1. Ability to effectively plan. Strong nonprofit developers have a good handle on community assets and needs and develop a vision for what revitalization activities fit the neighborhood dynamic. Community planning should include opportunities for the nonprofit developer to gather input from the residents and neighborhood businesses and build those stakeholders into the vision-setting process. A nonprofit developer must plan internally also, matching its own assets, programs, partnerships, and skills with its vision for the neighborhood.
2. Ability to secure resources. Nonprofit developers need a great deal of external support - including grants, loans, contracts, and technical help to accomplish their objectives. A capable nonprofit developer can assemble adequate resources from a variety of places, including the "profits" of the projects it develops. Its funding base should be relatively stable, without wide annual fluctuations.
3. Being well governed and managed. Nonprofit developers must be able to manage their resources effectively and account for funds and programs. As some of the recent troubles at several large, older nonprofit developers attest, an ability to develop projects does not automatically translate into capable management of internal operations. nonprofit developers need internal systems that reflect sound business principles of accountability and can support multiple nonprofit developer programs. nonprofit developer boards must represent their communities, govern competently, and interact well with staff.
4. Program delivery capacity. A nonprofit developer must develop programs effectively, including the planning, packaging, development, marketing, and ongoing management of its assets. nonprofit developers should be able to estimate program outcomes reliably and meet those expectations. Increasingly, nonprofit developer programs include the "softer" human service components in addition to physical development.

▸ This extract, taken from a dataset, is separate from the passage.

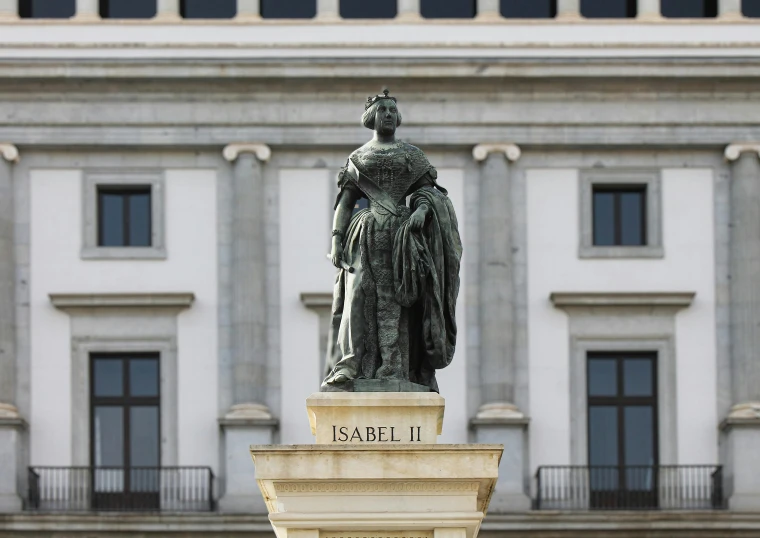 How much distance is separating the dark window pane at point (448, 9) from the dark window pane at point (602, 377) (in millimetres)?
6729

5. Ability to network with other entities. To carry out its multiple roles, a nonprofit developer must be able to find and work well with other organizations. A capable nonprofit developer can interact with a variety of public and private entities to accomplish revitalization goals. Potential nonprofit developer partners range from local and state governments and private sector funders to technical assistance providers, other neighborhood organizations, private developers, and human service deliverers. Also important, nonprofit developers must maintain sound relations with neighborhood residents and businesses, whose involvement and support of community revitalization is necessary, and who are often touched by a nonprofit developer's outreach and organizing work.